In today's business climate, only the agile survive. Adaptability to change remains a significant concern to CEOs, and many of their companies are ill equipped to respond quickly to business needs. In a 24/7 world, the C-suite is looking for new ways to compete, innovate, improve productivity, and reduce cycle time. Adding to the complexity, the global business climate has withstood a series of rapid changes that have undermined the very structure of traditional business. Some organizations thrive, while others suffer. What makes the difference between success and failure?
Successful companies have a lean profile, providing flexibility to meet changing business conditions. By contrast, companies with traditional management models that include fixed locations, costs, and employee work practices create significant inefficiencies and obstacles to achieving corporate agility. These companies will need to rethink many aspects of their management models before implementing progressive plans to achieve true corporate agility.
Demographic shifts, a change in strategic direction, and a volatile economy are all unpredictable factors that can suddenly cause a need for contraction or expansion, but real estate occupancy tends to be a long-term decision. Corporate real estate departments strive to maintain flexibility in their portfolios through shorter lease terms, expansion/contraction options, and staggered lease expirations, as well as space layouts that can be changed easily to accommodate more people. A portfolio strategy well matched to the various demand and risk profiles of a company's space requirements can introduce the desired flexibility - and at the right cost.

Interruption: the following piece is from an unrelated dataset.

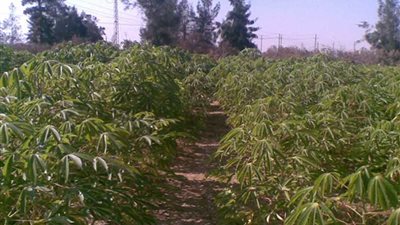 مضاعفة القيمة الإيجارية للأراضي التابعة لوزارة الري شائعات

Five Steps to Achieving Agility
Too often companies focus on workplace solutions solely as a real estate initiative to cut costs and often lose the ability to support the rapid change required from the business. Numerous Fortune 1000 companies have proven that agility-building processes can be used in a variety of scenarios when integrated support programs are in place. Examples of integrated support programs include onboarding (i.e., employee orientation and mainstreaming), labor-based location solutions, workplace repositioning, or data center site and building selection. These programs require open collaboration across human resources, real estate, and information technology. By integrating these functions, a company will increase its agility.
1. Create shared need.
• Assemble a high-level executive task force of information technology, real estate, and human resources executives.

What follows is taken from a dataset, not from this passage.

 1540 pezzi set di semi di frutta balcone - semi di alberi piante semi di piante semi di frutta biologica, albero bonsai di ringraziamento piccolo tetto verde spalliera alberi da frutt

• Develop an integrated value
• Identify strategic outcomes.
• Align strategy among functions.
Driving collaboration is no easy task. Ambiguous goals and misaligned agendas can undermine productive teamwork. Instead, teamwork relies on an open leadership approach.
For example, Accenture - a global management consulting, technology services, and outsourcing company - created a shared need to align its real estate and information technology functions. The firm allocated a portion of the real estate cost savings associated with its workplace flexibility initiative to fund technology reinvestment for all employees.
In order to facilitate open communication, a scorecard should be used to monitor and report results against program costs and savings. This tool reinforces the shared need and creates interest at all levels within the organization.
2. Shape the vision.
• Build a business case.
• Assess current workspace utilization.
• Analyze information and develop scenarios.
• Identify necessary changes in processes and systems.
• Address "what's in it for me" issues.
Once senior leadership signs off on project goals, the next step is to analyze opportunities and model outcomes to create a business case. Assembling a team of action-oriented problem-solvers is key. The expanded team that includes business leaders impacted by this change will collect data, analyze information, and identify possible scenarios before moving forward.